Configurable Memory With a Multilevel Shared Structure Enabling In-Memory Computing

Abstract

Frequent to-and-from data transfers in the von Neumann architecture limit the overall throughput. One of the promising approaches used to overcome von Neumann bottleneck is in-memory computing (IMC) that aims to embed computing in memory to reduce the transfer of memory-processor data. This study proposes a configurable 6-transistor (6T) static random access memory (SRAM) array with a multilevel shared structure for IMC. A multilevel shared structure can effectively improve the utilization rate of the module.

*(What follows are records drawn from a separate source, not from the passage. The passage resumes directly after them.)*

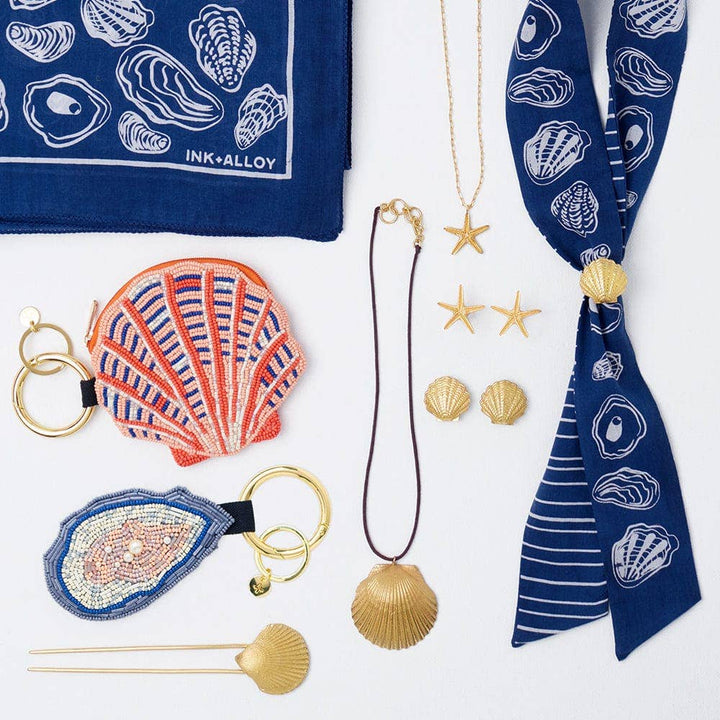 Collection of shell-themed accessories including a scarf, keychain, and necklace on a white background.
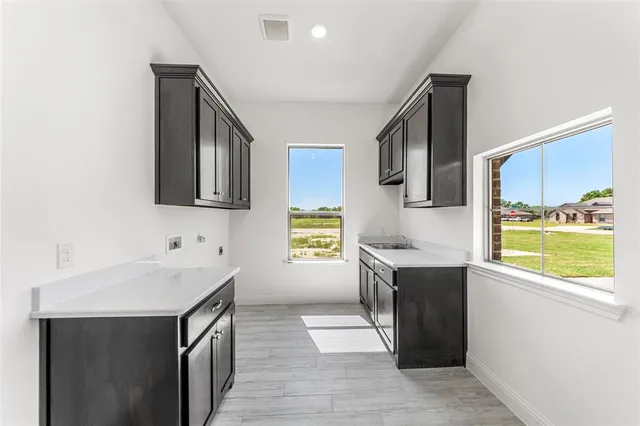 a room with wooden floor and cabinets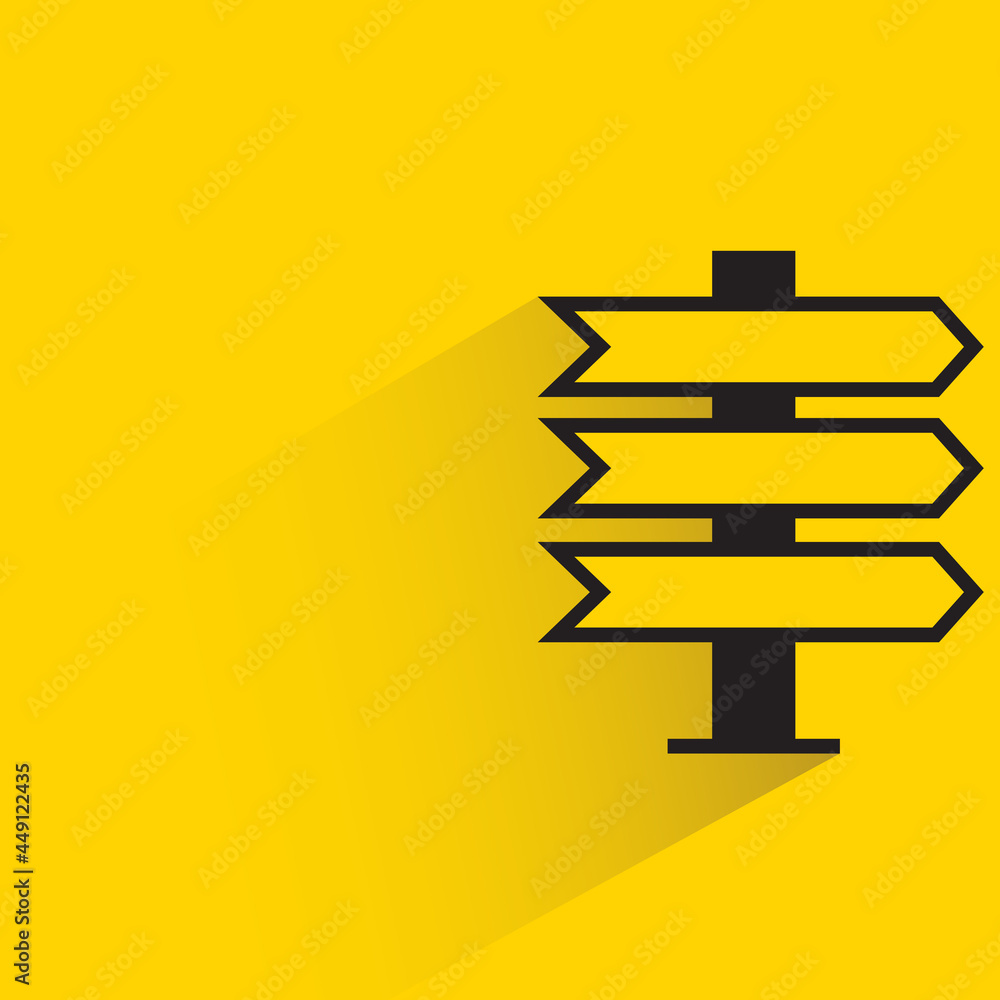 street signpost and signage with shadow on yellow background street signpost and signage with shadow on yellow background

In addition to the conventional SRAM operation, the configurable structure can also perform the sum of absolute differences (SAD) and Hamming distance (HD) calculations. To quickly identify the minimum value among multiple calculation results, a four-input sense amplifier (SA) is proposed. The performance of the proposed memory is simulated in a 65-nm CMOS process. The post-layout simulation results show good linearity of the multirow read in the SAD and HD modes. The mean time required by the four-input SA to obtain the result is 190 ps. The SAD and HD calculations yield consumptions of 67.44 fJ/byte and 0.64 fJ/bit, respectively, at 0.8 V. Furthermore, a single column-sharing comparator consumes 2.78 and 3.41 pJ at 0.8 V in the SAD and HD modes, respectively.